Proof. First consider the random variables <math>A_i'=\frac{A_i-a}{b-a}\in [0,1]</math>. Then, by linearity of expectation,

<math>{\mathbb E}\left[\frac{A_1X_1+\ldots + A_mX_m}{m}\right]=(b-a){\mathbb E}\left[\frac{A_1'X_1+\ldots + A_m'X_m}{m}\right]+a{\mathbb E}\left[\frac{X_1+\ldots + X_m}{m}\right].</math>

By the above and the fact that <math>{\mathbb E}\left[\frac{X_1+\ldots + X_m}{m}\right]=0</math>, it suffices to prove the lemma for <math>a=0,b=1</math>. So that is the case we consider.

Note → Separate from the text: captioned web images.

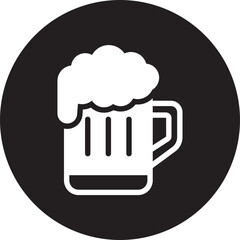 beer glyph icon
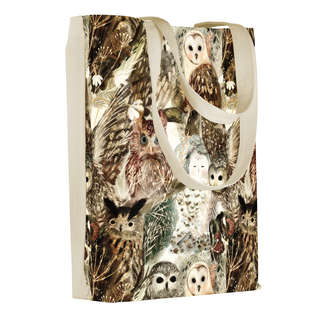 Сумка-шоппер BV Fauna: Волшебные совы, 34х36 см 3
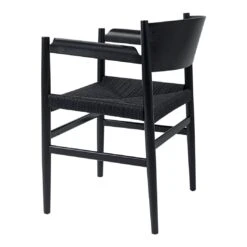 Mater Nestor Dining Armchair 26 Mater Nestor Dining Armchair -Danish Design Store 08104 Nestor BlackBlackPapercord Back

Moreover, it suffices to provide the upper bound -- the lower bound follows by symmetry, replacing <math>X_i</math> by <math>-X_i</math>. We next claim that <math>\sum_{i=1}^m A_i X_i \leq \max_{0 \leq j \leq m} \sum_{i=1}^j X_i</math>. To see this, note that:

<math>A_1 X_1 + \ldots + A_m X_m = \Delta_1 (X_1 +X_2+\ldots X_m) + \Delta_2 (X_2+X_3+\ldots+X_m) + \ldots \Delta_m X_m + \Delta_{m+1} 0,</math> where <math>\Delta_1=A_1,\Delta_2=A_2-A_1,

\ldots,\Delta_m=A_m-A_{m-1},\Delta_{m+1}=1-A_m.</math> Since <math>\Delta_i\geq0, \sum_{i=1}^{m+1}\Delta_i=1</math>, we have that <math>\sum_1^m A_i X_i</math> is a convex combination of <math>\sum_1^jX_i </math>, over <math>j=0,1,\ldots,m</math>. Hence, it is no larger than the maximum. Since <math>{\mathbb E}[\max_{0 \leq j \leq m} \sum_{i=1}^j X_i]\leq \sqrt{2n},</math> we get the lemma. Q.E.D.